And when I say "Enterprise" I do mean a collection of servers and application components, although the "U.S.S. Enterprise" does have a cameo!
Most server based applications installed today have no system monitoring. The way to tell if the system is down is when the phone calls start coming. Sometimes at home. This sort of thing can really put a damper on the pay raise department.
And this topic gets richer - when you have to do an emergency upgrade, how do you know something you changed didn't screw up the production system in a whole different way? Phone calls again? More pay raise dampening.
A collection of simple system monitors and diagnostics can help you to be sure that your application is installed correctly and currently functioning correctly. And when there is a problem, not only can you be notified immediately, you can view the information to find out where, exactly, the problem is. If the problem is fixed quickly, or fixed before anybody notices, this bodes well for the pay raise stuff.
Nagios is a popular tool for doing a variety of system monitoring, but in my experience, Nagios is used almost exclusively for monitoring hardware. So if your application can no longer talk to the database, nagios thinks everything is just fine. The solution is to add some simple stuff to your app that you and nagios can use to make sure everything is okay.
A simple servlet is a great way to go for this sort of thing. A diagnotic can return something like "OK" or "FAIL" so any web browser can run a diagnostic on a component. Plus, nagios (and similar products) are able to exercise web pages too.
In "Star Trek: The Next Generation", Picard will tell somebody to run a "Level 3 diagnostic" for some part of the Enterprise. It turns out that the writers of this show have worked out what, exactly, that means. The following is an attempt to use their terminology to fit the needs of server development. Please note that level 1 and level 2 diagnostics require shutting down the application. I think that this sort of thing is better represented by testing, so I've left those out.
Level 5 Diagnostic
-
Select a few things to do that can complete in two seconds or less.
Configure nagios to exercise this diagnostic about once every two minutes.
The first line of text returned must be "OK" or "FAIL" for nagios.
Additional human readable text would be nice.
Some things that might be exercised:
-
read from the database (verify that communication with the database is funtioning)
ability to put a NO-OP message into a JMS queue (verify that JMS is functioning)
make sure all JMS queue sizes meet expected parameters
verify that app can read and write to the file system (testing for permission problems and file handle problems)
number of objects in memory meets a threshold
number of objects in the file system meets a threshold
certain files (logs?) are not getting too large
certain recent activities are within "normal operating parameters"
HTTP server is serving a tiny web page
recently logged error or warning
is data current?
Level 4 Diagnostic
-
select a rich list of things to do that can complete in 30 seconds or less.
Configure nagios to exercise this diagnostic about once every two hours.

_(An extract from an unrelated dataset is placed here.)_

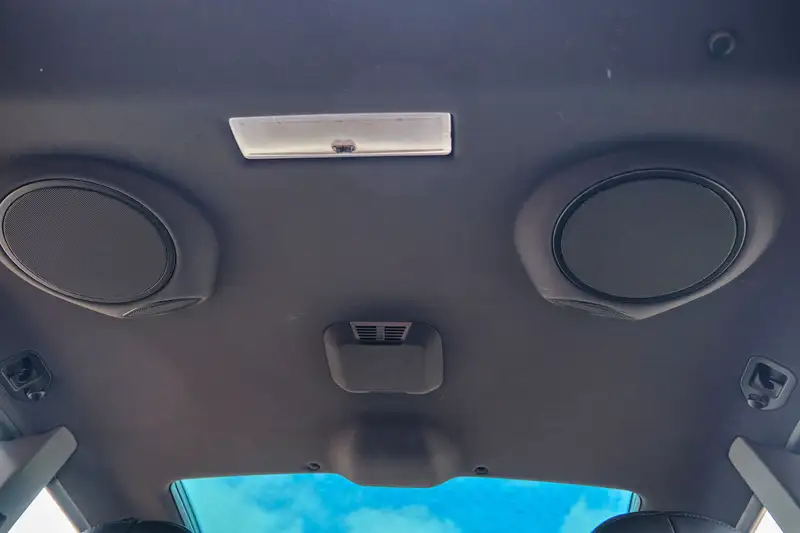 2002 BMW Z3M (E36/8) Coupé S54-For Sale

The first line of text returned must be "OK" or "FAIL" for nagios.
Additional human readable text would be nice.
Some things that might be exercised:
-
exercise the Level 5 Diagnostic for this component
check something in the Level 5 diagnostic list above that could not fit into 2 seconds
ping components the app depends on (verify that the network is functioning between the two components)
exercise all JMS queues
FTP read/write
exercise EJB interface
exercise MDB interface
exercise SOAP interface
exercise RMI interface
examine JDBC driver version
exercise a sophisticated algorithm
Level 3 Diagnostic
-
select a rich list of things to do that can complete in 5 minutes or less.
Configure nagios to exercise this diagnostic about once every day.
The first line of text returned must be "OK" or "FAIL" for nagios.
Additional human readable text would be nice.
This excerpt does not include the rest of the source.